→ WHAT YOU NEED TO DO:
Each line below is to be copied exactly; images do not go into the copy.

→ STORED DATA:
------------------------------------------------
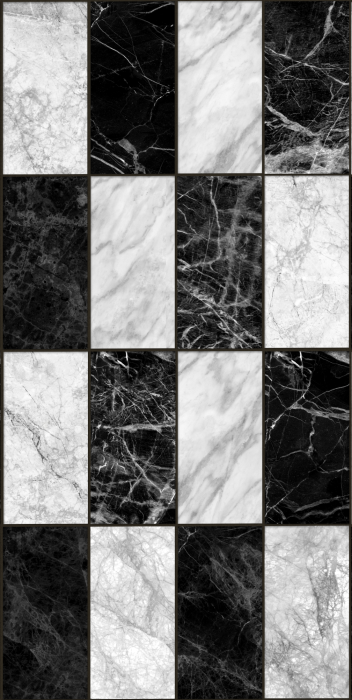 Tapete Elegante Marmorfliesen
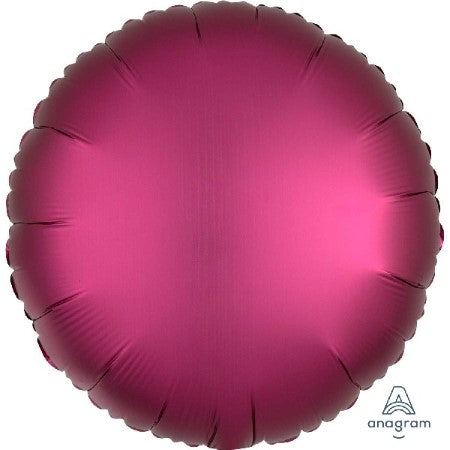 Satin Luxe Pomegranate Pink Round Foil Balloon I Cool Party Balloons I My Dream Party Shop
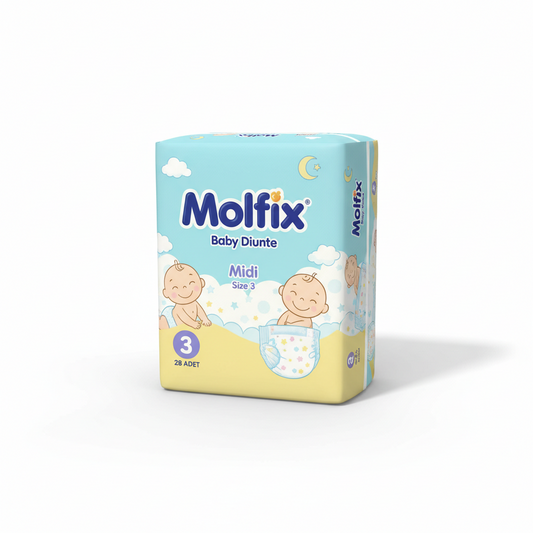 Molfix Baby Diapers Midi Size 3 (5-9 kg) – 28 Pieces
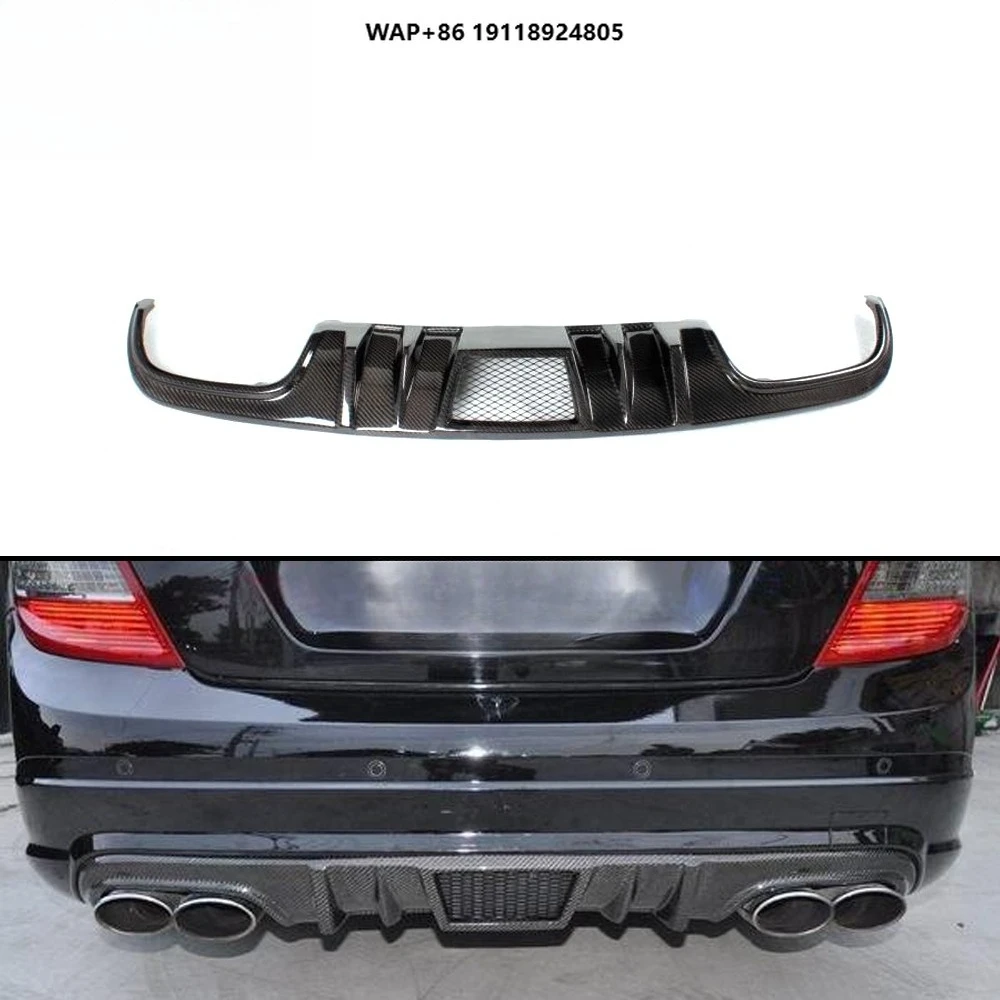 

Bumper Carbon Fiber W204 Rear Diffuser for W204 C63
------------------------------------------------
→ WRITTEN ANSWER:
 Tapete Elegante Marmorfliesen
 Satin Luxe Pomegranate Pink Round Foil Balloon I Cool Party Balloons I My Dream Party Shop
 Molfix Baby Diapers Midi Size 3 (5-9 kg) – 28 Pieces

Bumper Carbon Fiber W204 Rear Diffuser for W204 C63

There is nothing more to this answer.